> [Work item]: Find each line below where the word "Apartment" occurs, and copy it.

> [Excerpted data]:
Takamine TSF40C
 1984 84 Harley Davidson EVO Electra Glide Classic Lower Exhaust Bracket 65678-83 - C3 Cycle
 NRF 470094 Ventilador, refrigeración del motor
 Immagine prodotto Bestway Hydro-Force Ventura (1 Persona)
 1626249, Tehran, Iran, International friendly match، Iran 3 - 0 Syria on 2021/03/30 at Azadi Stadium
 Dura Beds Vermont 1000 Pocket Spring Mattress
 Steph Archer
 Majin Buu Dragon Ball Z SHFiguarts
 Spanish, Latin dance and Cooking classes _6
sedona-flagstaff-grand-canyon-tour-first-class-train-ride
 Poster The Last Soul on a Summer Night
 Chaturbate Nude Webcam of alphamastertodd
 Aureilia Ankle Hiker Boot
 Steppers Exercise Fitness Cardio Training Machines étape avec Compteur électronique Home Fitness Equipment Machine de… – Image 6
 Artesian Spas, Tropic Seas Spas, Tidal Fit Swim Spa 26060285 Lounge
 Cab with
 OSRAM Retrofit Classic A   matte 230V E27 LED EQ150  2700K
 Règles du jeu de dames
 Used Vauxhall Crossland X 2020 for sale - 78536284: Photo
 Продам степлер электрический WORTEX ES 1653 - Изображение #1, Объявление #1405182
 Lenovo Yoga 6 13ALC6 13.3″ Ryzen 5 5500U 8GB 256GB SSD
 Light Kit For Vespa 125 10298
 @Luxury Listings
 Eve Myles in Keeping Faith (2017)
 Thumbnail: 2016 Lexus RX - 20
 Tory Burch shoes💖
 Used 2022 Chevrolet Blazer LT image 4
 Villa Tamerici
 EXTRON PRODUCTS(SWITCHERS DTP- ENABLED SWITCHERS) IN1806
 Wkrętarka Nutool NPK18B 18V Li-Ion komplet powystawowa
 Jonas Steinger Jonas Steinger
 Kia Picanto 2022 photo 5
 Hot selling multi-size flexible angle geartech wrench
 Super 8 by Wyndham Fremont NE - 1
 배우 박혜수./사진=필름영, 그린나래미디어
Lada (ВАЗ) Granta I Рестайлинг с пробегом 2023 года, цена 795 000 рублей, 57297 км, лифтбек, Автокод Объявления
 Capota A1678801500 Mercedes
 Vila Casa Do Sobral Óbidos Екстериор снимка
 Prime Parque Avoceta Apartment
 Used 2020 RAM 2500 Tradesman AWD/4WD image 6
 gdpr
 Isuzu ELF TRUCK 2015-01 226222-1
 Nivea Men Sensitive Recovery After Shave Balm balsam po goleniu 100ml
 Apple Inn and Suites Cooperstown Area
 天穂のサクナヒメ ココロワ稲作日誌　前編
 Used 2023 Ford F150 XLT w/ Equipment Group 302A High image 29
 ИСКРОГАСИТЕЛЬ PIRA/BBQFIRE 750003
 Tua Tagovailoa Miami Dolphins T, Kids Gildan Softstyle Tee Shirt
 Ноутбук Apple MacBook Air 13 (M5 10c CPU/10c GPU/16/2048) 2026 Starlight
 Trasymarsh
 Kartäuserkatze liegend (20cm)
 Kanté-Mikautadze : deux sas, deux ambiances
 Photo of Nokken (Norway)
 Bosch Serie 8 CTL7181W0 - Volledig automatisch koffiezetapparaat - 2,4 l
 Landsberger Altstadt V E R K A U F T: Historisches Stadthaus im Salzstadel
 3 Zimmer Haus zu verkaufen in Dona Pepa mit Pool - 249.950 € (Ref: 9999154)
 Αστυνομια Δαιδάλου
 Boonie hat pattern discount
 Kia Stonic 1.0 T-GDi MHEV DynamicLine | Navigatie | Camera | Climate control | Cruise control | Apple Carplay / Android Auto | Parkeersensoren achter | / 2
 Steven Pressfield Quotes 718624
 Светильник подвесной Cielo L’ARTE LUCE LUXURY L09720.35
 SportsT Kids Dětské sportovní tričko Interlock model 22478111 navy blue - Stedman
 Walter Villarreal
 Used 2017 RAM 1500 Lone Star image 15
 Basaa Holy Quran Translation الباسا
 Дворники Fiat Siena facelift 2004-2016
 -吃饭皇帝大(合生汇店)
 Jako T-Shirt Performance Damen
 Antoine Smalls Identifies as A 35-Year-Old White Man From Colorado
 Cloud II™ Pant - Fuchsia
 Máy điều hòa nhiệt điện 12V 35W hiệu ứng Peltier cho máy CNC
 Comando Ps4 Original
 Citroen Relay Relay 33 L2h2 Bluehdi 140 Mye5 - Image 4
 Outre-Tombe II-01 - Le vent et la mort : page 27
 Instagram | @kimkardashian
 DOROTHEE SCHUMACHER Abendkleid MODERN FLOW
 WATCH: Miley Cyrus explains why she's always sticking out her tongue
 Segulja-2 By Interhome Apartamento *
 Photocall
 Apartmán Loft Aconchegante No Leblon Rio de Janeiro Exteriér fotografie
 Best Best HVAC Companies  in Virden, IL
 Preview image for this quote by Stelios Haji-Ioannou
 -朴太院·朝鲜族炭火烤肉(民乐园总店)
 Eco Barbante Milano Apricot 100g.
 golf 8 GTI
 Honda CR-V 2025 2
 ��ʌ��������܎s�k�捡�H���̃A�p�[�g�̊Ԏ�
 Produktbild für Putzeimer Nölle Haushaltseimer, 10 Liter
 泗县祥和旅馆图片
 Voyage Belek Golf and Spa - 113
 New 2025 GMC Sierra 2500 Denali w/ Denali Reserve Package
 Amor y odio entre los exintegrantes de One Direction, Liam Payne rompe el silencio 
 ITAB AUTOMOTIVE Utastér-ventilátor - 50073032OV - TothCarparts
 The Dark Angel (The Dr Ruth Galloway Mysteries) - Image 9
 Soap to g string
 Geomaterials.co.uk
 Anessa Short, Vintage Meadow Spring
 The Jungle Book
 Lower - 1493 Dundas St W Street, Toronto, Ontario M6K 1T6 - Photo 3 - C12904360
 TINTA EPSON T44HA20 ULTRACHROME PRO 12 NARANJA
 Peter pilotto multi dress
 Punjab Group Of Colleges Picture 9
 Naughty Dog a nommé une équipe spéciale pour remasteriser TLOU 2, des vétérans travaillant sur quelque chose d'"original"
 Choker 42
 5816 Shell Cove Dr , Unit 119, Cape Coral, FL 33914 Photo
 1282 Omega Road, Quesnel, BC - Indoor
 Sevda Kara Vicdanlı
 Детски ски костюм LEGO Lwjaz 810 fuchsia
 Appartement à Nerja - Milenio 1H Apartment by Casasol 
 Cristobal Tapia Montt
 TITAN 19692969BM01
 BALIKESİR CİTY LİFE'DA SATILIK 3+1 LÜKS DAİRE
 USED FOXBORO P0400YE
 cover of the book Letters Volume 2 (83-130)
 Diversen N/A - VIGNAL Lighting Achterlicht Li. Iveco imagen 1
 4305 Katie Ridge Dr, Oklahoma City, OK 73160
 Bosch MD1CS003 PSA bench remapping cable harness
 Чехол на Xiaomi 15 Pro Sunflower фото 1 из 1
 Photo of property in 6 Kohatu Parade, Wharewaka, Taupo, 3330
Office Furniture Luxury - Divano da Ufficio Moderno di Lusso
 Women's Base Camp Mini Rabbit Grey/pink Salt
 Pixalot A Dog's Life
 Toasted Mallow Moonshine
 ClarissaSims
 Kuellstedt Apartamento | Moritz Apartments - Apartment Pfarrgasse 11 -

> [Result]:
 Prime Parque Avoceta Apartment
 Appartement à Nerja - Milenio 1H Apartment by Casasol 
 Kuellstedt Apartamento | Moritz Apartments - Apartment Pfarrgasse 11 -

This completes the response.